6) Privacy and Data Security – “Government data breach affects 21.5 million employees.” “Credit card data of 40 million customers compromised.” “NSA’s Prism program harvests personal data from servers of all major email companies.” The dual challenges of privacy and data security will continue to make headlines for years and decades to come. The security of private personal data is under threat from foreign entities, malicious hackers, overzealous data collection programs, and tech giants who have an insatiable thirst for every bit of personal data they can scrape up through search history, cellphone-based location history, and metadata culled from files stored on the cloud for ad-selling purposes. For example, if you use Google Maps for search or navigation and carry a cell phone with you, you might be surprised to find out that Google knows everywhere you’ve been over the last several months and how you got there (check out this link accessible from Google account settings under “account history”). The question of where we exactly draw the line between privacy and security as well as privacy and convenience is one that will continue to draw vigorous debate.

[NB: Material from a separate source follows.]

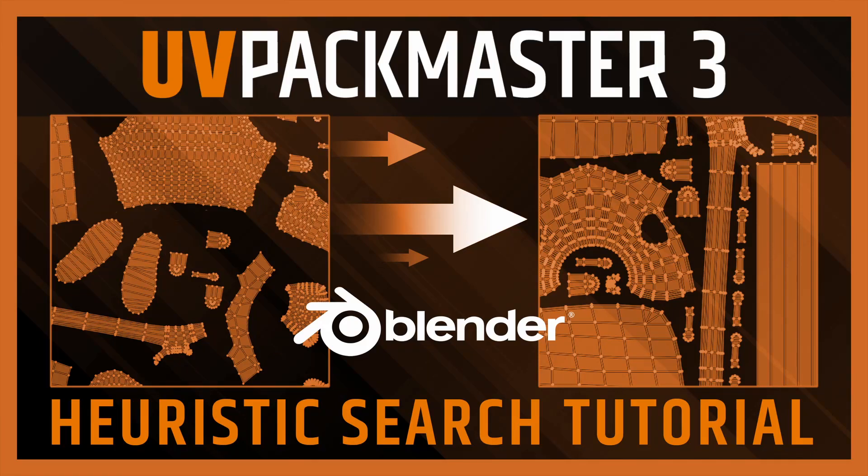Hello, it's Marco here and in this UV Packmaster tutorial, I'm going to present one of the advanced packing functionalities of the packer, the heuristic search.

Tech Issues are Human Issues
Taking a quick look back through the above list of “tech issues” reveals that all of them are very human problems. In fact, these tech problems accurately reflect some of most prevalent and pressing issues facing American society today. A messianic self-image, gender inequality, institutional racism, addiction, self-absorption, alienation, the continued lag behind other developed countries in educational achievement, and unresolved debates about the proper balance of privacy and security are all major issues visibly present in America in 2015 or bubbling under the surface. So, don’t blame the tech industry if the image that appears in the mirror it holds up to society appears to be crooked!